NEW DELHI: The American Federal Aviation Administration (FAA) may have allowed the Boeing 737 Max to fly passengers again after these jets were grounded for 20 months following two deadly crashes that killed 346 people, however it will be some time before India gives its nod for this aircraft to fly here.
When the B737 Max was grounded in March 2019, SpiceJet had taken delivery of 13 of these planes and was operating them. Jet Airways had five Max planes in India but those planes were not being used for a long time as the airline — which got grounded last April — had not been able to pay their lease rentals.
As of now financially frail SpiceJet is the only Indian carrier that has about 200 more B737 Max on order. Whether Jet Airways flies again and if the new owners select this aircraft for operations remains to be seen.
“We will study (the FAA approval order) and (then) react. It will take sometime,” a senior DGCA official said when asked about India’s nod to the plane to fly again. Aviation regulators of different countries, including India, will need to allow this aircraft to fly again before airlines of those countries can begin operating the same after carrying out the required modifications in each Max and pilot training.
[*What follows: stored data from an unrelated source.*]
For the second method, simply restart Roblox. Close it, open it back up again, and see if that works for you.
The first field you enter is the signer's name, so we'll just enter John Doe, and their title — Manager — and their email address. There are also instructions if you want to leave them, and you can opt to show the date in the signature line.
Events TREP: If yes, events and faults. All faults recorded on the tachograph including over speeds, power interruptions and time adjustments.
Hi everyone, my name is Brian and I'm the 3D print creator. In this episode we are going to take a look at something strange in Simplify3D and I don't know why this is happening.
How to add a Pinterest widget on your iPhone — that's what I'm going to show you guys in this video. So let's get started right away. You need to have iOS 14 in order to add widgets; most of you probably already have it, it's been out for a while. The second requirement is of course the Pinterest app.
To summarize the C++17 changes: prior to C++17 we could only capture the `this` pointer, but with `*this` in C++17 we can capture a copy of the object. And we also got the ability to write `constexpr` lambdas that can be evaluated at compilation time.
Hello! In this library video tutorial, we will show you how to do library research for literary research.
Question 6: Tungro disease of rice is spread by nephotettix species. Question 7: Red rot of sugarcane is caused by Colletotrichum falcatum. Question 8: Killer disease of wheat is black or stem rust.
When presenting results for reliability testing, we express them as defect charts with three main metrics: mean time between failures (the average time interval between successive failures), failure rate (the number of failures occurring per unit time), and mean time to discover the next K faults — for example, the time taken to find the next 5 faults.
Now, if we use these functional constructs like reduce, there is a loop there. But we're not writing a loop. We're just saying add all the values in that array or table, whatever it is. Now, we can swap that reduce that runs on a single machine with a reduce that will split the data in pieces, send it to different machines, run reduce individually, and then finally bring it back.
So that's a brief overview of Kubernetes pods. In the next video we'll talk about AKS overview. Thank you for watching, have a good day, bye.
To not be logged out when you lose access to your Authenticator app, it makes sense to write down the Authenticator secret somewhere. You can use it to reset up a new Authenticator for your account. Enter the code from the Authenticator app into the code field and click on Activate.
Boeing Commercial Airplanes president and CEO Stan Deal said as much “The FAA’s directive is an important milestone. We will continue to work with regulators around the world and our customers to return the airplane back into service worldwide,” Deal said.
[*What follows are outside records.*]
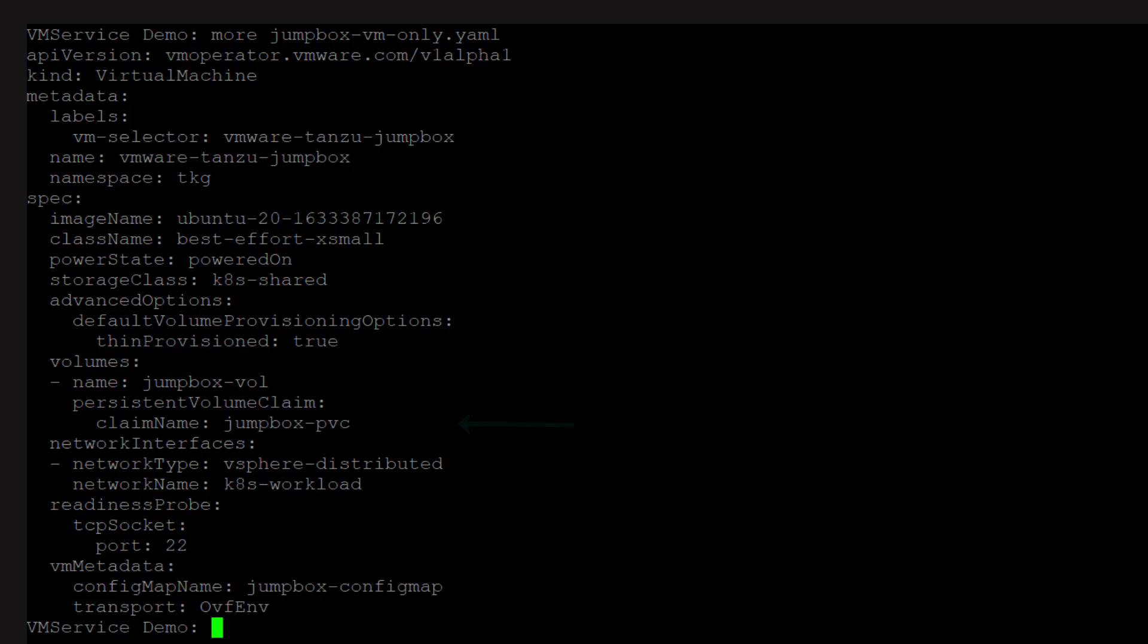Notice the VM metadata. This is where we reference a config map that will hold our instance configuration. We will see how to create that in a moment. We also specify the transport to be OVF ENV. This drives how the metadata is made available to the VM. OVF ENV means that the info will be part of the VApp config properties for the VM.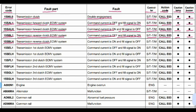Code 15SBLH: transmission reverse clutch ECMV system. The problem is command current is on, fill signal is on and fill signal is off. Steering and transmission controller. Action code E03. Lamp will blink and buzzer will give a beep.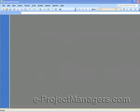Hello, this is Dora Tarver from e-projectmanagers.com, and today we're going to learn how to make a master schedule.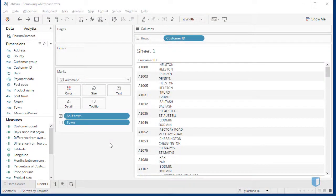To remove white space in Tableau, we use the Trim functions. There are three Trim functions in all: L-Trim for Left Trim, R-Trim for Right Trim, and Trim.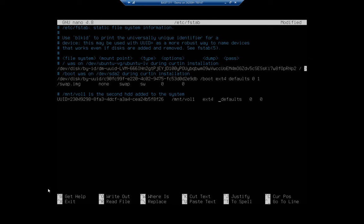I tend to use defaults because I want read write. I want it to auto mount. I want all of these things. So defaults always works well for me. Almost always works well for me. And then I'm not worried about the dump or pass values. So I just set those to zero.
The Max was grounded after an Indonesian carrier Lion Air flight crash in October 2018 and then an Ethiopian Airlines flight crash last March. Faulty software and design of this aircraft were identified as the main reasons for these two crashes in which 346 people lost their lives.
After the FAA rescinded its order halting commercial operations of B737-8s and 737-9s, Boeing in a statement said: “The move will allow airlines that are under the FAA’s jurisdiction including those in the US to take the steps necessary to resume service and Boeing to begin making deliveries…. An airworthiness directive issued by FAA spells out the requirements that must be met before US carriers can resume service including: installing software enhancements, completing wire separation modifications, conducting pilot training and accomplishing thorough de-preservation activities that will ensure the airplanes are ready for service.”
Boeing has been making preparations in countries where airlines have the Max on order during the last 20 months. It set up a simulator for B737 Max pilot training in Noida, near Delhi, this June as pilot training on a Max-specific sim is mandatory before they can fly the aircraft again post the required modifications.
Since regular commercial flights are suspended in India since March-end, it flew in a Boeing Business Jet (BBJ) from Canada with experts of CAE, a leading company for aviation training, this June to install and make operational the B737 Max simulator at Noida.
After Wednesday’s FAA nod, Boeing CEO David Calhoun said: “We will never forget the lives lost in the two tragic accidents that led to the decision to suspend operations. These events and the lessons we have learned as a result have reshaped our company and further focused our attention on our core values of safety, quality and integrity.”